- [What you should do]: Of the records that follow, copy only the lines from the line containing "Lexus RX 450H" to the line containing "Photo 6 of Unit", both included, exactly as written.

- [Input data]:
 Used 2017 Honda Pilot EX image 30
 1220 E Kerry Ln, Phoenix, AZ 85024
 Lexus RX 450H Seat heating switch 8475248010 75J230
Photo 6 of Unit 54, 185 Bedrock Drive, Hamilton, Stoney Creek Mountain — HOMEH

--

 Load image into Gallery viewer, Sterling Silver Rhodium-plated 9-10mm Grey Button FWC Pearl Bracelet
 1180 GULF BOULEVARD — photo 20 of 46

---

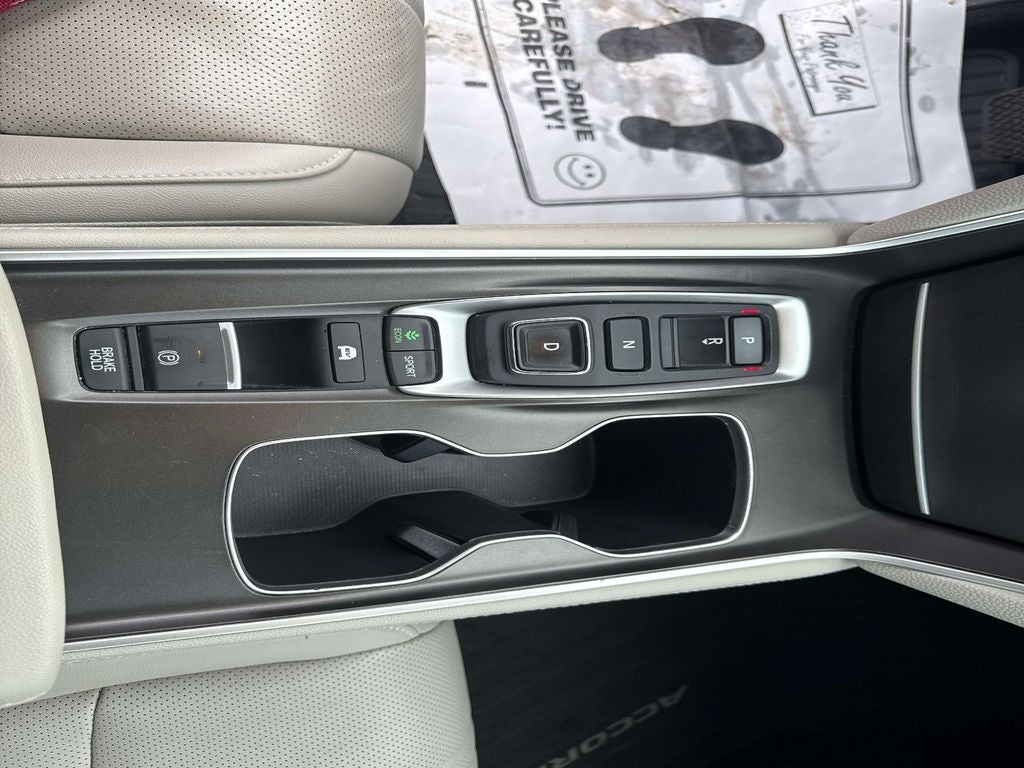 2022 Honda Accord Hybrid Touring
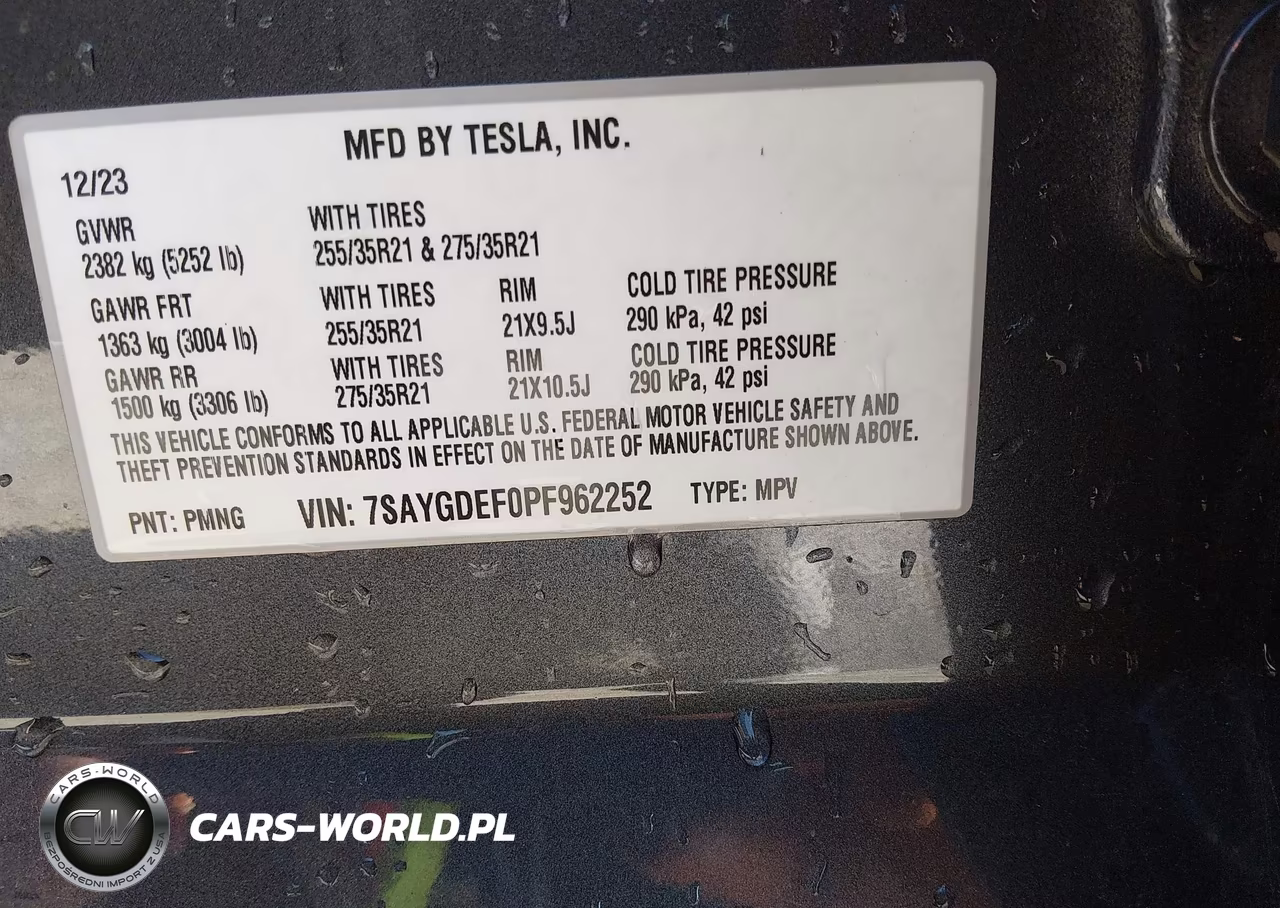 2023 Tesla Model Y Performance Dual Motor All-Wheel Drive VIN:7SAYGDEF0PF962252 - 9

- [Final answer]:
 Lexus RX 450H Seat heating switch 8475248010 75J230
Photo 6 of Unit 54, 185 Bedrock Drive, Hamilton, Stoney Creek Mountain — HOMEH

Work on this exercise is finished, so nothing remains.